**Task details**
Down to the final line, print the records below exactly and without pictures.

── Provided data ──

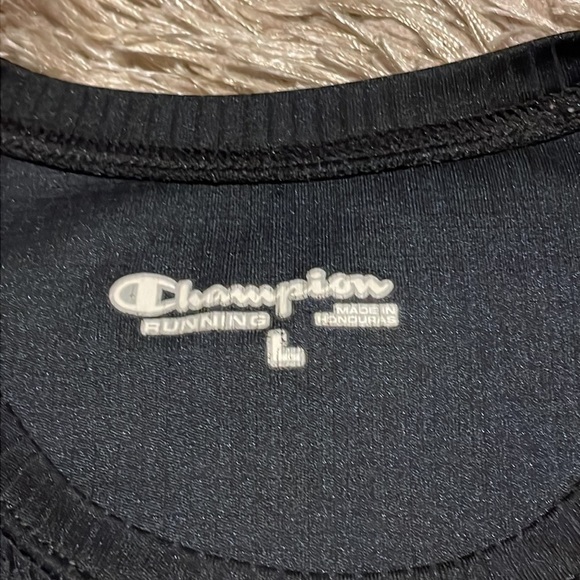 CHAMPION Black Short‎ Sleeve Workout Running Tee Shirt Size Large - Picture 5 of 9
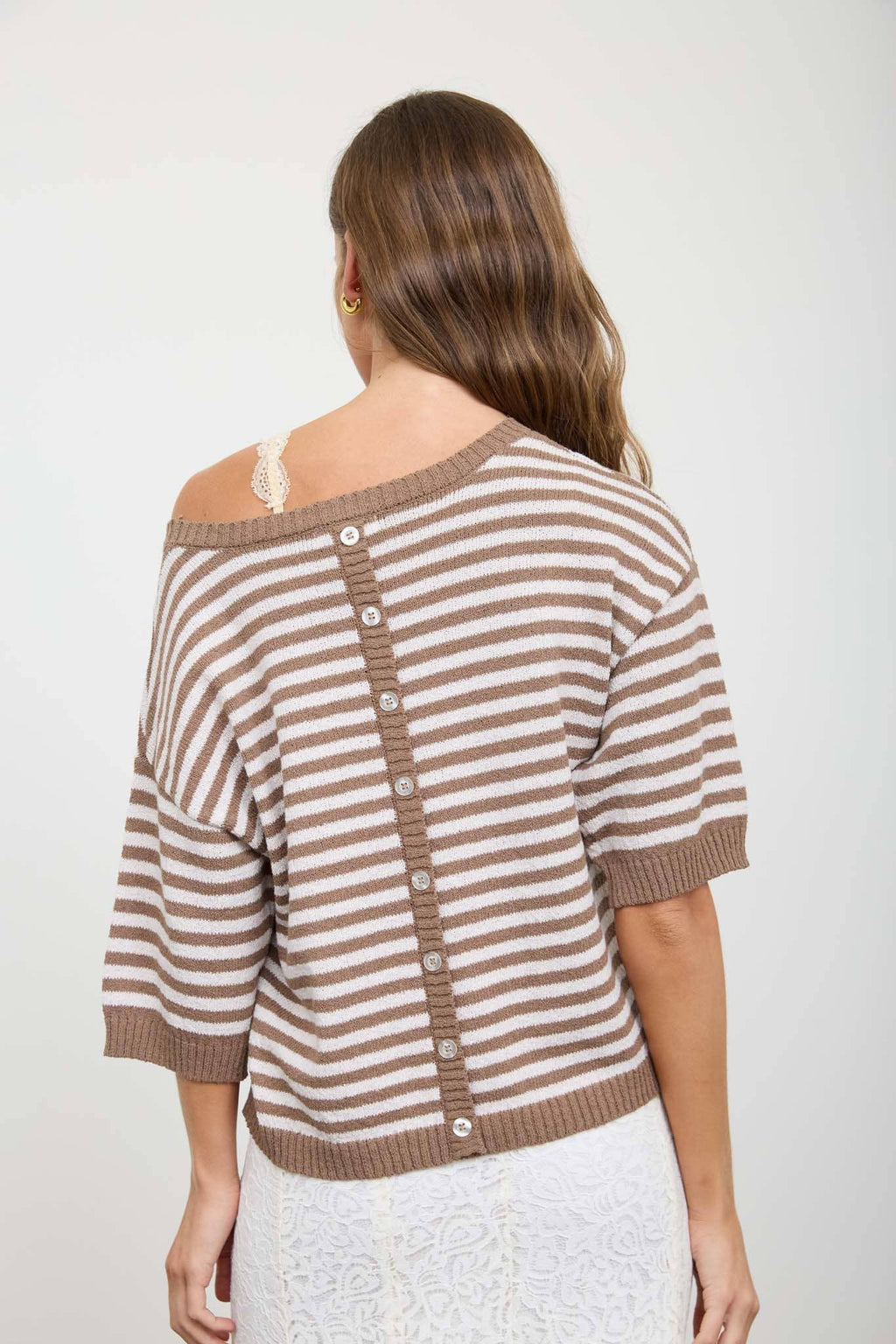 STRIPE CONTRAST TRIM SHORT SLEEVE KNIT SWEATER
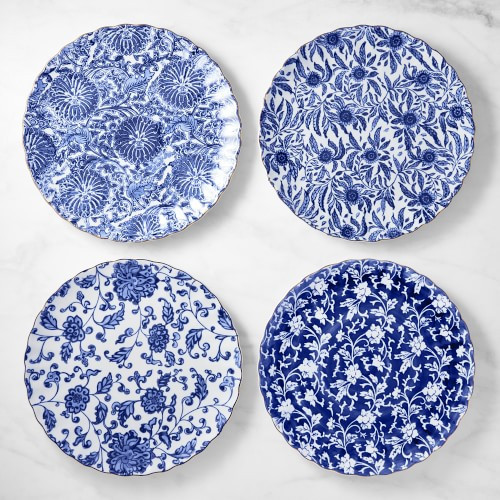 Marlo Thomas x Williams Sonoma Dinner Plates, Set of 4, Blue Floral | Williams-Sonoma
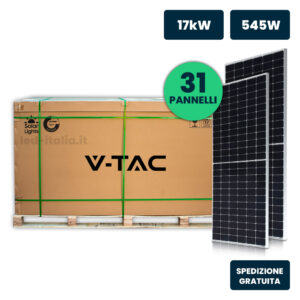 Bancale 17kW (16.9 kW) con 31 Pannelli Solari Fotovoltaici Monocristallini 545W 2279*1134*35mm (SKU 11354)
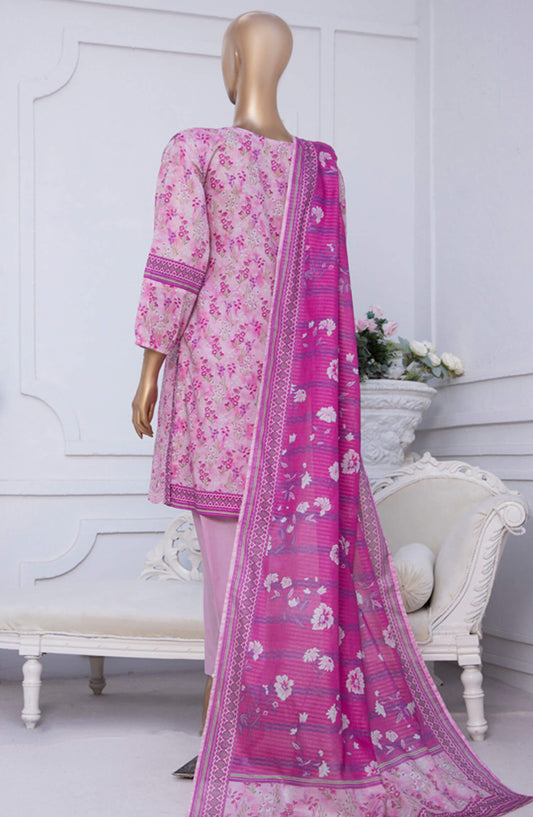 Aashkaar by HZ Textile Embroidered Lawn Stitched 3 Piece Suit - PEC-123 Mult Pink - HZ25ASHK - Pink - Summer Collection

───

**Exercise result**
 CHAMPION Black Short‎ Sleeve Workout Running Tee Shirt Size Large - Picture 5 of 9
 STRIPE CONTRAST TRIM SHORT SLEEVE KNIT SWEATER
 Marlo Thomas x Williams Sonoma Dinner Plates, Set of 4, Blue Floral | Williams-Sonoma
 Bancale 17kW (16.9 kW) con 31 Pannelli Solari Fotovoltaici Monocristallini 545W 2279*1134*35mm (SKU 11354)
 Aashkaar by HZ Textile Embroidered Lawn Stitched 3 Piece Suit - PEC-123 Mult Pink - HZ25ASHK - Pink - Summer Collection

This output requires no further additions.